What are the main criteria for evaluating prices?

  • The origin of the pearl: is it a natural formation or a product of a culture that consists in introducing nuclei (a kind of round plastic ball) in bivalves preserved in sea or fresh water;
  • The type of pearl mollusks: gastopod, mollusc or bivalve the most known: the oyster pinctada margaritifera with black lip, or iris haliotis in New Zealand, Melo or Conche, pearls of Lambris in porcelain rarer;
  • Classification in order:
    • the shape: round, elongated, baroque, circled, pear-shaped...
    • surface quality (hooped, stitched, smooth...)
    • the size in millimeter (record of 34 kg for a pearl of a giant clam estimated several million euros found in the Philippines according to Ouest France of 25/08/2016) and in gram (the unit of the grain corresponds to 0,05 gr and can be still used in certain areas)
    • the color: white, pink, cream, champagne, gray, black, gold or its effects: iridescent, flame, spotted ...
    • Other criteria are added to the first ones: the thickness of the nacre produced and not of the pearl (the presence of a large nucleus resulting in the production of a few layers of aragonite in freshwater molds and thus a uniform effect), the brightness, the Orient (effect of the reflection of light on the thickness of the layers of aragonite forming the nacre), the history.

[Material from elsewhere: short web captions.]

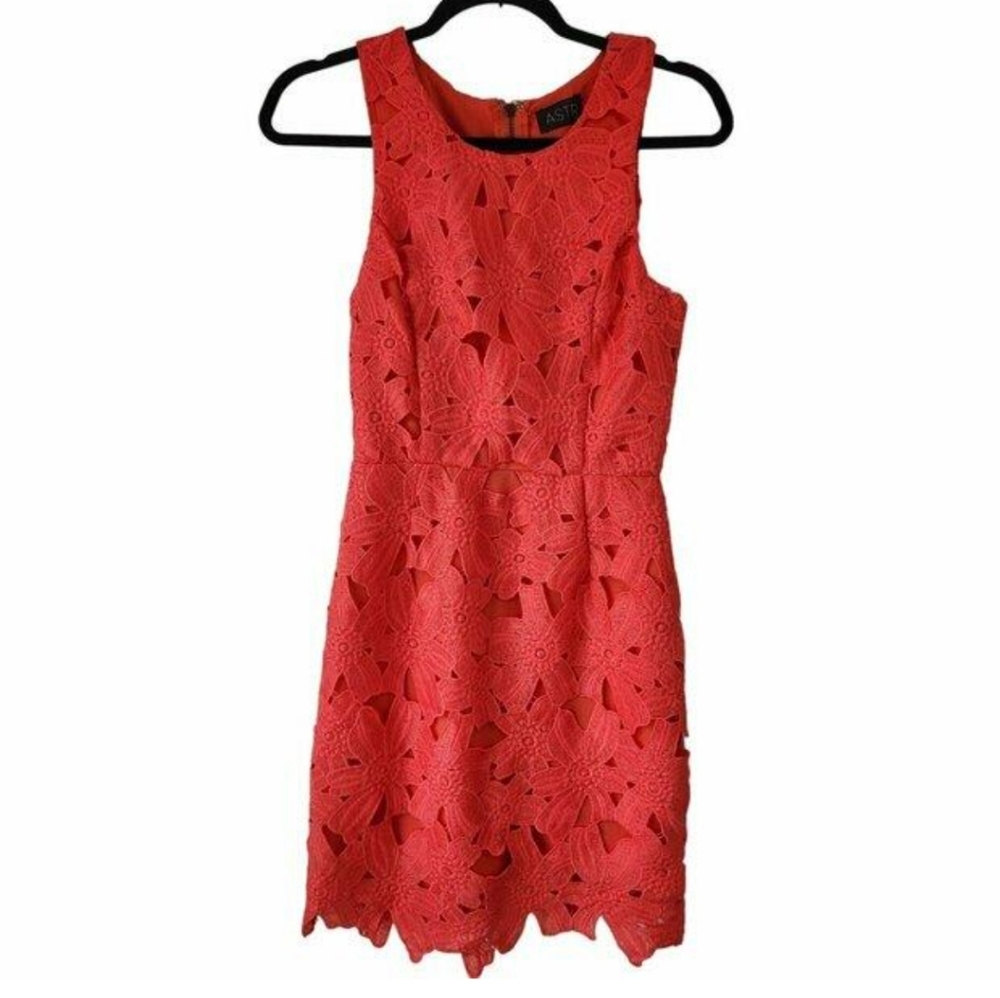 ASTR the label dress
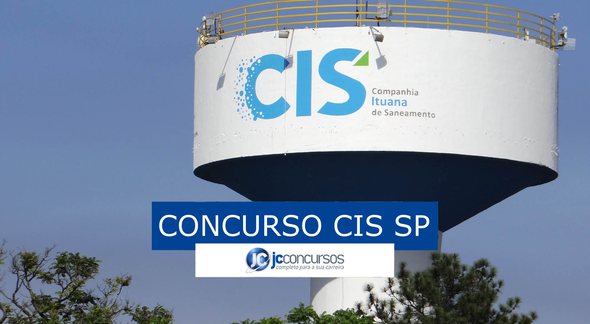 Concurso CIS - Divulgação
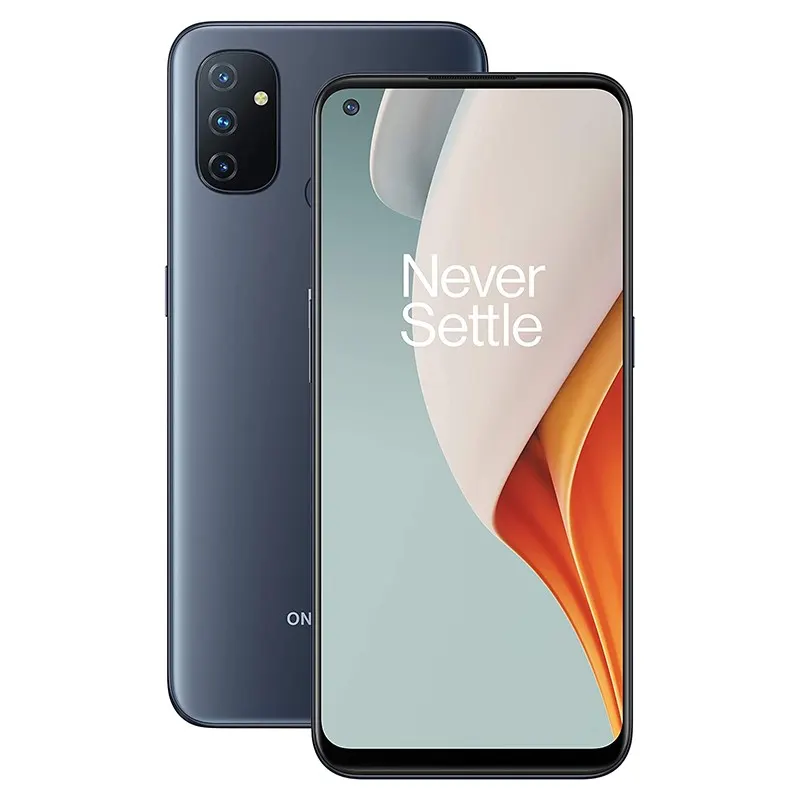 ONE PLUS NORD N100 Smartphone (4GB/64GB) available at MTS+ Tunisia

For example, a round white South Sea cultured pearl with a diameter of 15 to 15.5 mm can cost up to 3,500 euros for an "extra fine" quality.

Liz Taylor, the story of the acquisition of La Peregrina

The journalist of the Figaro of December 2011 tells the public sale remained in the annals.

"the flagship lot, La Peregrina, a legendary 203-grain (55-carat) pearl, won at auction for $37,000 in 1969 by Richard Burton against a member of the Spanish royal family, fetched $11.8 million (9.1 million euros). This pear-shaped drop, later mounted in a Cartier set, was found in the 16th century by a slave in the Gulf of Panama. Pearls, whether white or colored, have been adorning people since ancient times.

A sign of power in India or of femininity in Western culture, their organic origin from the depths of the oceans makes them mysterious and fascinating. Pearls embody the beauty of nature.